9/10
An arctic quasi-docudrama/drama that really hits the mark!
13 October 2022
"The Wedding of Palo" (originally "Palos Brudefærd") (1934) is not technically a silent, but it is a film made in Greenland in the form of a docu-drama (though really only a drama with equally as much cultural anthropological/ethnographic feature) which has only a muted overlay of speaking featuring the natural speech of the arctic tribe studied by famed Danish explorer and anthropologist Knud Rasmussen. Nevertheless, the film plays much like a silent, and much of the film IS silent. The "plot" features two young men vying for the hand of the same woman. The "vying" ends up being done by "singing" satirical/sarcastic/insulting rhythmic words, aimed by one man against the other, then the other back against his "foe", though one of the men pulls a knife and... The story really then begins...

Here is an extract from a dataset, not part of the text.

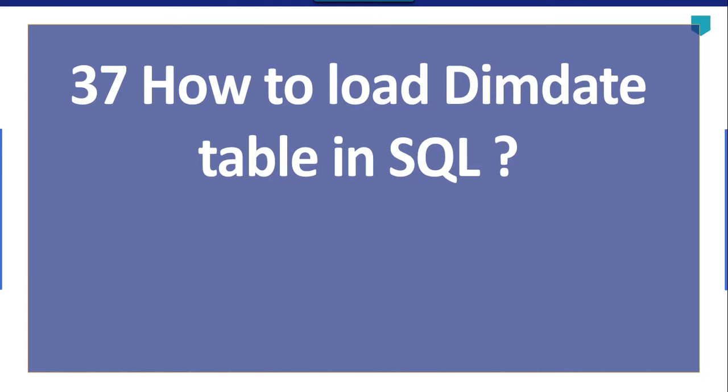Hi friends, my name is Akhil Ahmad and in this particular video tutorial, I will show you how to load a dim date table in SQL using SSIS.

What attracted me most was that, though the "antics" and the doings were staged, the rowing of the kayaks in very obviously treacherous waters(!) was simply amazing!! Watching the kayaks and the umyaks being maneuvered in general was quite a treat, and though an obvious part of the lives of these people, is alien to most landlubbers in the middle of the States. A bear hunt also occurs among ice floes from a degrading glacier, and the filming is striking and beautifully done. In today's world, you may pull for the bear...

Photographed much like a documentary, the roughness and toughness of the whole (perhaps seemingly antiquated to many modern viewers) actually accentuates the filmography of this early "study", much in the mode of "Nanook of the North", "Eskimo", "The Silent Enemy", and others of the same ilk made in the same time period.

Absolutely worth the watch. This is on the "Nanook of the North" Blu-Ray with other shorts included besides this and "Nanook", released by Flicker Alley. Directed by German director Friedrich Dalsheim.